[[ Data to use open ]]

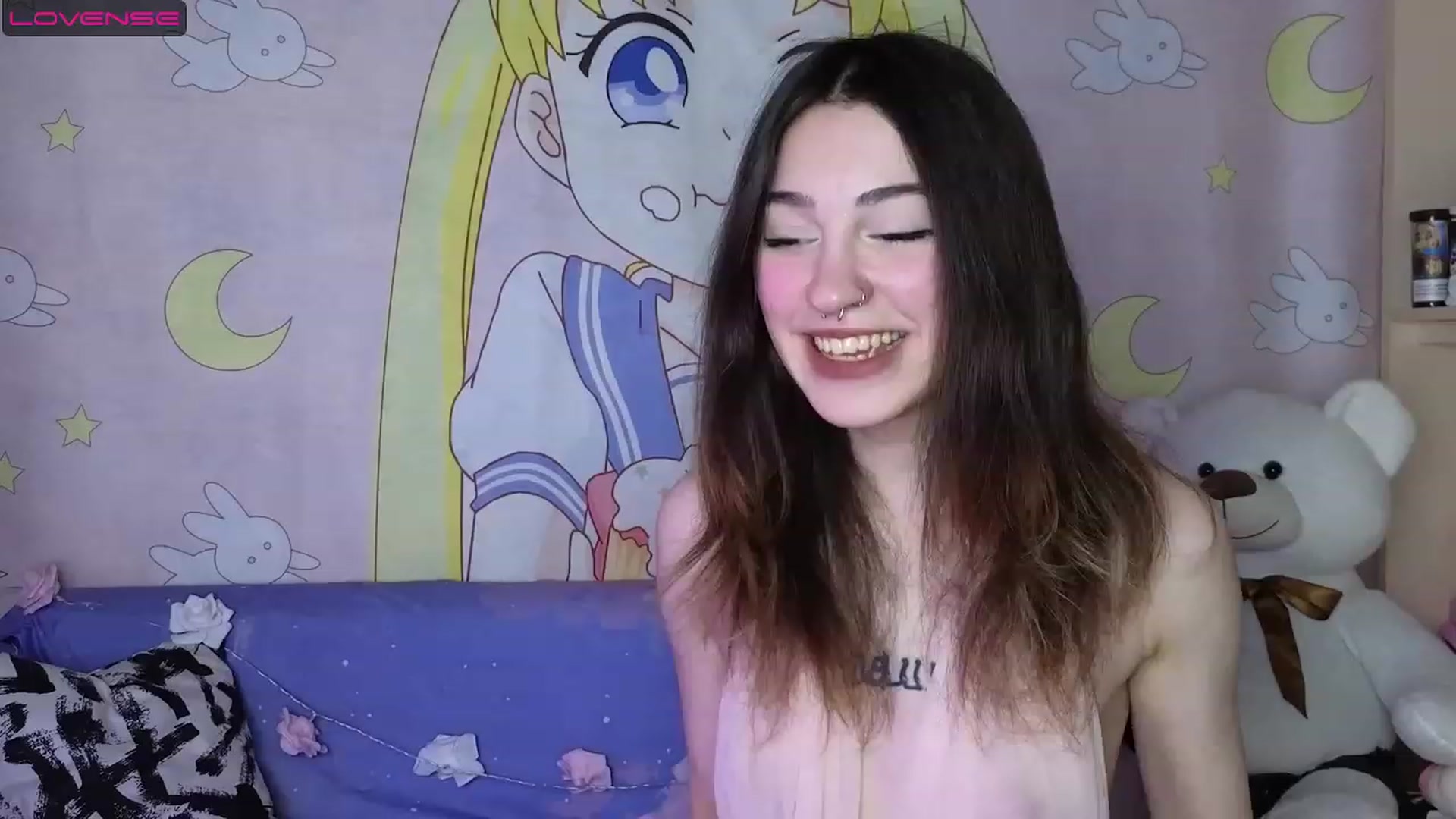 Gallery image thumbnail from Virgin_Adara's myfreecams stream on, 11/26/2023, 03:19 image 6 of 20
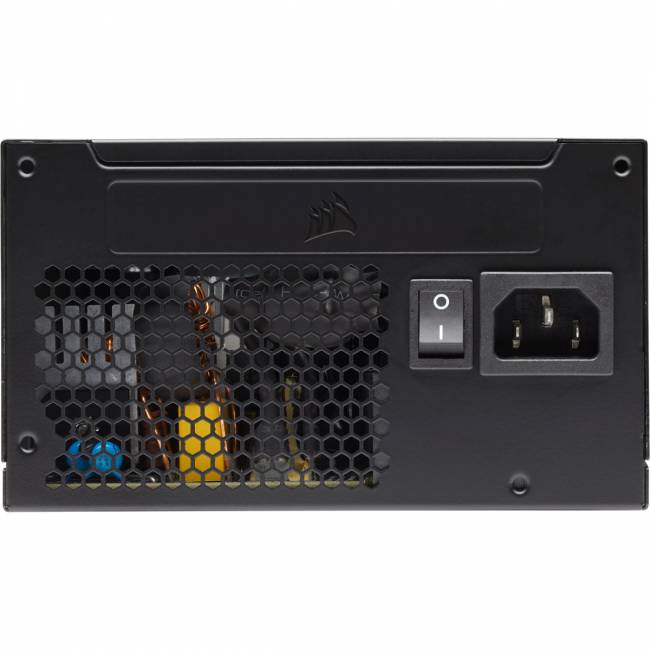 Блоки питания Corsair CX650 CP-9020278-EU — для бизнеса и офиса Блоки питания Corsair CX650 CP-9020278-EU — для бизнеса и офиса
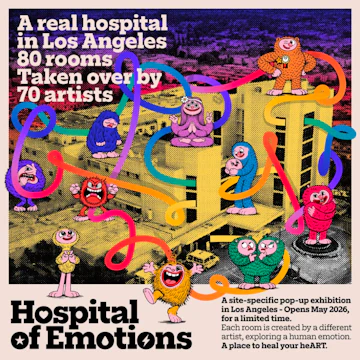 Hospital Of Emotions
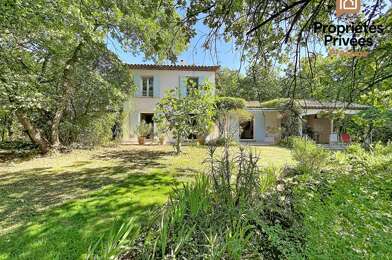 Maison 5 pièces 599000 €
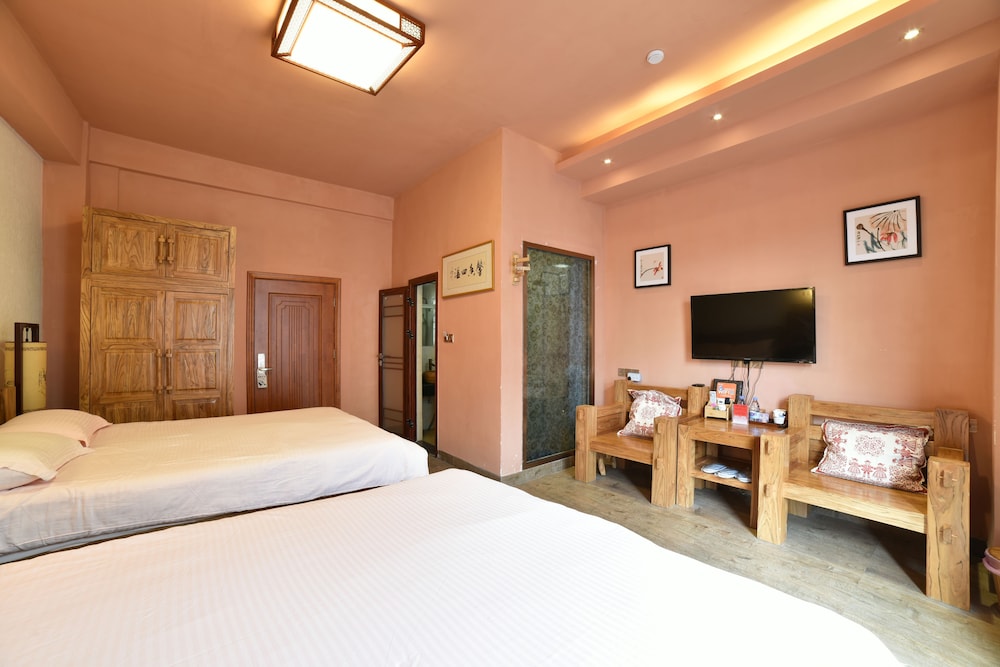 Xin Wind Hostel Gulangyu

[[ Data to use closed ]]
[[ Data to use open ]]

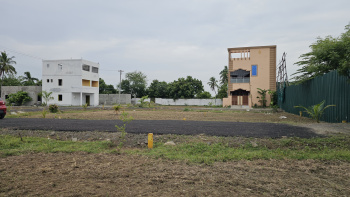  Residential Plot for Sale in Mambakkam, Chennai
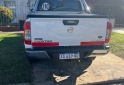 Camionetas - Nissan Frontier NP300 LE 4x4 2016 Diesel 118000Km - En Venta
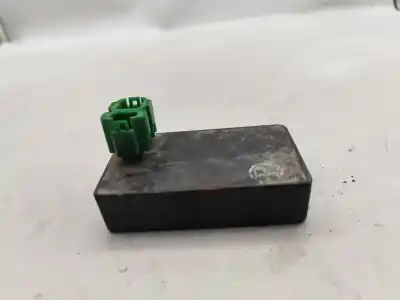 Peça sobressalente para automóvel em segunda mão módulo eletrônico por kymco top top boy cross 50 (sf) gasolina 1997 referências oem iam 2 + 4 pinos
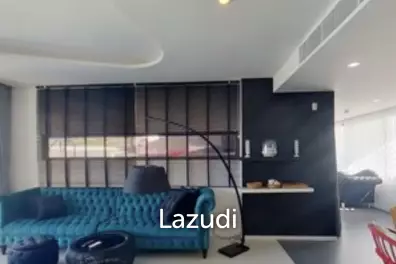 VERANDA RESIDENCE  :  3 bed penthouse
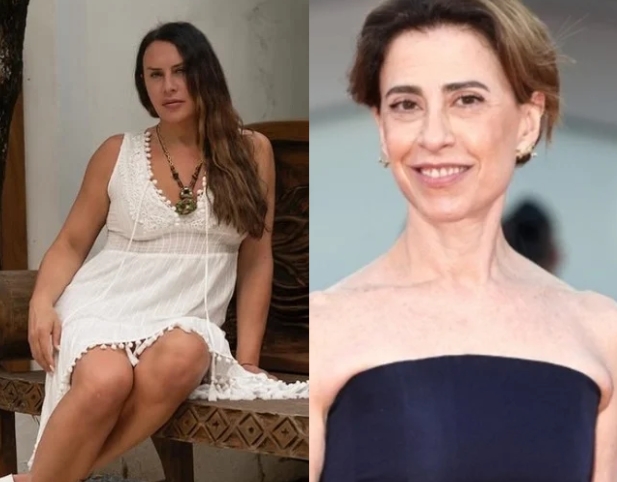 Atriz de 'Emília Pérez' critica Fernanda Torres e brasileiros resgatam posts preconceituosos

[[ Data to use closed ]]

### [Task requirements]
Start at the line containing "Gallery image thumbnail" above and stop at the line containing "Hospital Of Emotions". Output those lines exactly, both included, but none of the pictures.

### [Answer to this problem]
 Gallery image thumbnail from Virgin_Adara's myfreecams stream on, 11/26/2023, 03:19 image 6 of 20
 Блоки питания Corsair CX650 CP-9020278-EU — для бизнеса и офиса Блоки питания Corsair CX650 CP-9020278-EU — для бизнеса и офиса
 Hospital Of Emotions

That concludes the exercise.